Print Friendly, PDF & Email

Despite Nepal’s constitution recognizing crime victims’ rights as fundamental, the criminal justice system remains far from victim-friendly. Victims still endure additional suffering, unable to access basic rights like protection, privacy, compensation, and rehabilitation. This is a story of a justice system failing to protect those most in need.

Sabina Devkota | CIJ Nepal

When done with schoolwork for the day, Bindabasini Kansakar would help out at her family’s kitchenware shop in Pipalbot, Hetauda. A student in grade 12, Kansakar often worked at the family business, which was attached to their home. Her cousin, who lived nearby, and his friend, Dilipraj Keshari, often visited the store.

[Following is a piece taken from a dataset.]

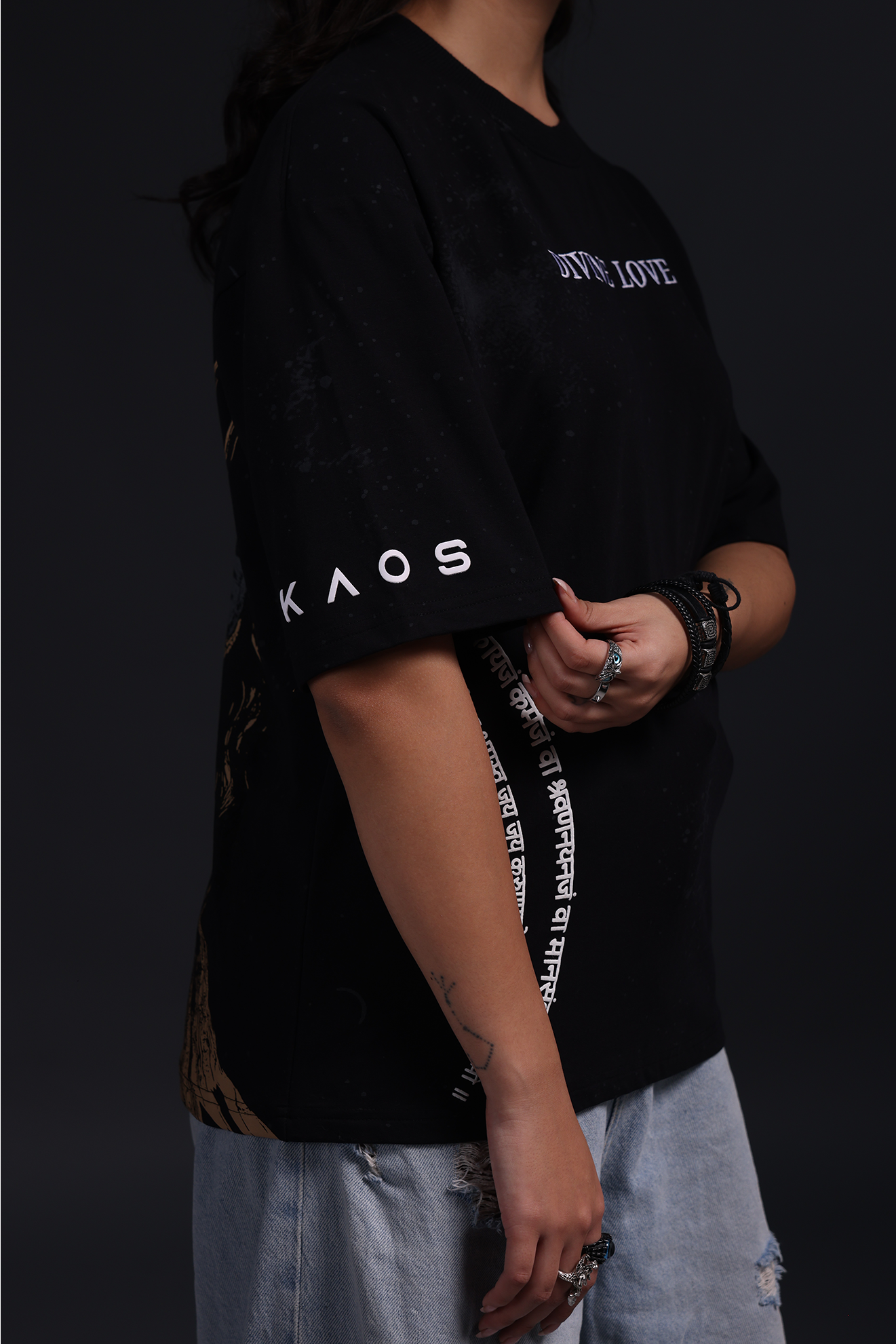 Divine Love T-Shirt - Mahadev & Sati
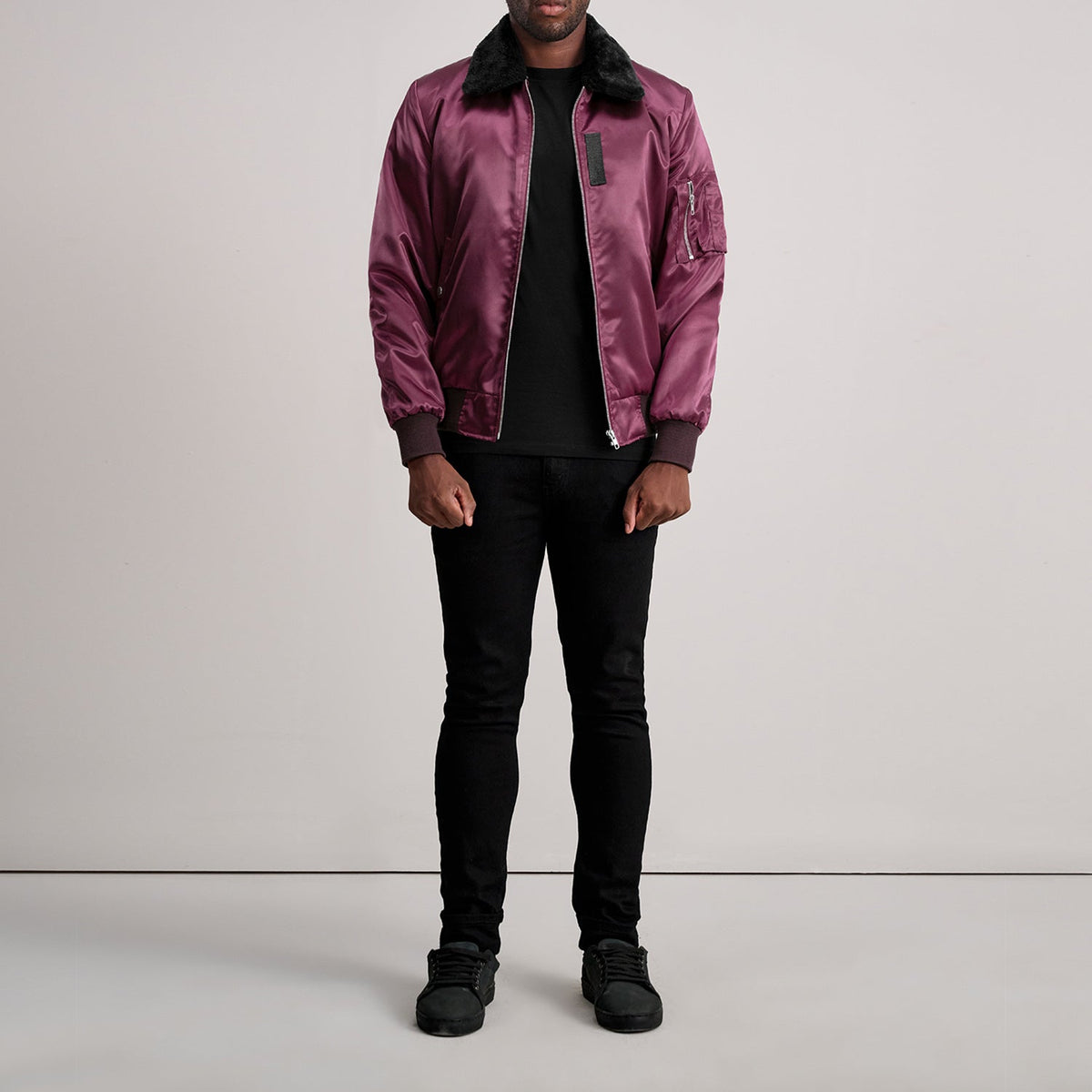 
Vue détaillée of Removable faux fur collar & Zipper Hardware on Clyde B-15 Bordeaux Blouson Bombardier en Cuir pour Homme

One day, Keshari, who Kansakar called “dai” (brother) as a term of respect, made a romantic proposal to her. Surprised by his unexpected approach, Kansakar did not respond. However, Keshari soon began following her everywhere— be it the shop, college, or her tuition classes—pressuring her to marry him. Trying to escape the situation, she told him, “Talk to my family.” But Keshari never approached her family; instead, he continued to follow her, making her life increasingly miserable.

When the harassment became unbearable, Kansakar eventually confided the matter to her father. She remembers her father sternly rebuking Keshari, warning him from visiting their store without good reason. But after staying away for a few days, Keshari returned on Baisakh 9, 2070 (April 22, 2013), around 11:30 AM. Kansakar, who had just arrived at the shop, asked him, “Why are you here when my father told you not to come?” He held up a small bottle of ‘Dabur Honey’ and claimed he was delivering it. Believing it was sent by her aunt, Kansakar reached out for the bottle. As she recalls vividly, “He opened the bottle and splashed it directly onto my face.”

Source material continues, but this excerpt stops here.